The Art Scene: 09.11.14
Emily Cheng at Ille
Ille Arts in Amagansett will present an exhibition of paintings and drawings by Emily Cheng from Saturday through Sept. 30, with an opening reception Saturday from 5 to 7 p.m. Ms. Cheng draws upon the world’s cultural history for images and emblems, sometimes only fragments, which are transformed and recombined, in the artist’s words, “to service an entirely different purpose and context.”
She has exhibited regularly in galleries in New York City and has had solo shows in Taipei, Hong Kong, Manila, Beijing, Cincinnati, Philadelphia, and Santa Fe, N.M. Grants from the National Endowment for the Arts, the Pollock-Krasner Foundation, and a fellowship from Yaddo are among her honors.
Krasner at Jewish Museum
“From the Margins: Lee Krasner and Norman Lewis, 1945-1952” will open tomorrow at the Jewish Museum in New York City and remain on view through Feb. 1.

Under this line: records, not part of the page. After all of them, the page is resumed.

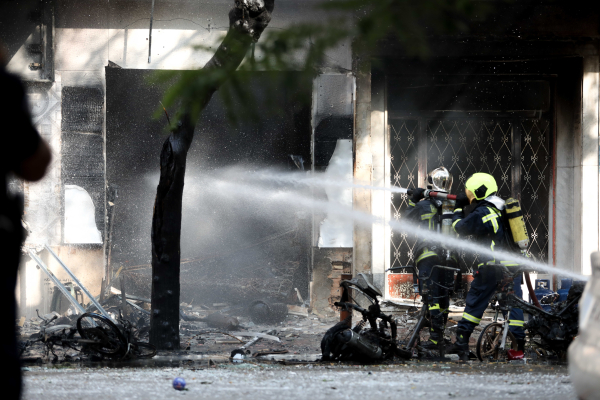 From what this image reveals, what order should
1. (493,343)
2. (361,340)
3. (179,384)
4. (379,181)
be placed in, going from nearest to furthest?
(179,384) → (361,340) → (493,343) → (379,181)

Lewis, who was born in 1908, is generally regarded as the first African-American Abstract Expressionist painter. Krasner was born a year later and became one of the few women in the mostly male-dominated movement. Both artists worked in the Federal Art Project of the Works Progress Administration during the Great Depression. Krasner and Lewis reached their mature styles during the 1940s and ’50s. Both developed many of the elements central to Abstract Expressionism — a rejection of realism, gestural brushwork, all-over compositions, and use of non-natural color.
According to Norman Kleeblatt, the museum’s chief curator, “Both artists drew upon sources with personal meanings: ancient and nonwestern art, contemporary music, forms of writing, references to urban life.”
Four at Ashawagh
“4@Ashawagh,” a group exhibition, will take place at Ashawagh Hall in Springs on Saturday from 9 a.m. to 9 p.m. and Sunday from 10 a.m. to 5 p.m. A reception will be held Saturday from 5 until closing.

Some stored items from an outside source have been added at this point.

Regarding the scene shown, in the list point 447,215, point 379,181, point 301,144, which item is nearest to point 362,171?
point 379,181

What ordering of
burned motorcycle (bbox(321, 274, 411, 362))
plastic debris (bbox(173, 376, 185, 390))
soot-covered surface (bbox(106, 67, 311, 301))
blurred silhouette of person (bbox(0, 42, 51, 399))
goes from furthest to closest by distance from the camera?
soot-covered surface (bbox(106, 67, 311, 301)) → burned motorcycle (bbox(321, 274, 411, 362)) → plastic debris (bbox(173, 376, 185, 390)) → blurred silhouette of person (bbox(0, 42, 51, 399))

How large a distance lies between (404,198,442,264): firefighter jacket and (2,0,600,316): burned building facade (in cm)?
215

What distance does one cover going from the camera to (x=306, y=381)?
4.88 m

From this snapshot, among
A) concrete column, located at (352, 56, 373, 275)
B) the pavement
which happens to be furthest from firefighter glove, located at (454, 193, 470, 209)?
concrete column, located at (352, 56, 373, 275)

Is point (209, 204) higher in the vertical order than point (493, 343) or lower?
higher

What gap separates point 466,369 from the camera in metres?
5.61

Fred Fickera is a sculptor who lived in East Hampton for 35 years and ran a carpentry business. His forms use wood elements to explore the juxtaposition of nature and technology. Marcie Honerkamp, a Springs artist who has been working with mosaics for 15 years, will show new work based on her study of houndstooth patterns.
Ellen McDermott is a widely published New York City commercial photographer whose personal work includes still-life studies, nature, and images from Iceland. Bridget Sciales worked in advertising, publishing, and the restaurant business before returning to her original passion, works on paper.
Scrimshaw in Montauk
“Scrimshaw Alley,” an exhibition of work by Peter Spacek, an artist, illustrator, cartoonist for The Star, and surfer who lives in Springs, is on view at Outeast Gallery in Montauk through Sept. 30.
Scrimshaw is an art form traditionally practiced on whalebone or tusk ivory. Mr. Spacek had already established an illustration studio in Montauk when he was tasked, in 2005, with drawing one of his illustrations on a surfboard for a charity event. After some trial and error, he found that by using a nail and ink on fiberglass he could achieve the effect of scrimshaw.
The exhibition will include images on surfboards, resin, paper, and cotton.